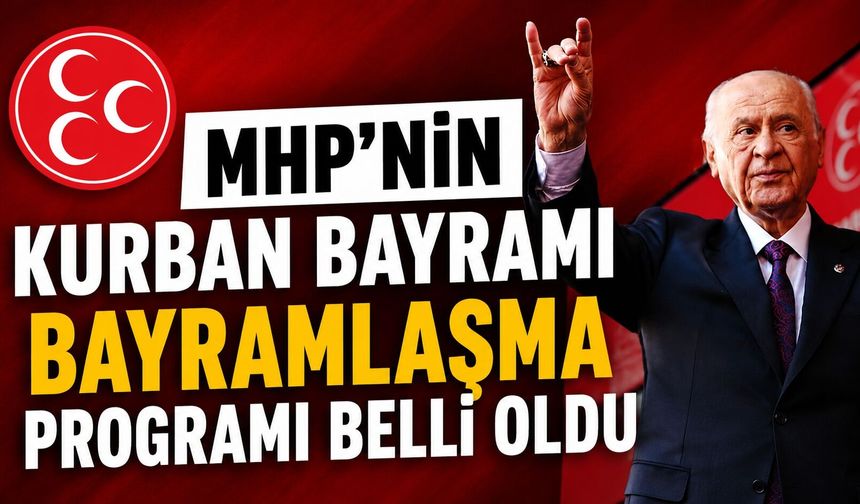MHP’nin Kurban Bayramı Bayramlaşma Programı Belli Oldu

******

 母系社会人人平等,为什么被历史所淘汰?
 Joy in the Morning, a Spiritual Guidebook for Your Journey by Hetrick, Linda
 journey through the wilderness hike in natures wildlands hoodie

******

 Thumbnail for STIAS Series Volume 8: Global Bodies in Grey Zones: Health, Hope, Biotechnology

******

§ Work task:
Please make an exact copy of the lines above from the line with "Joy in the Morning, a" through the line with "journey through the", both ends included.

§ Solution:
 Joy in the Morning, a Spiritual Guidebook for Your Journey by Hetrick, Linda
 journey through the wilderness hike in natures wildlands hoodie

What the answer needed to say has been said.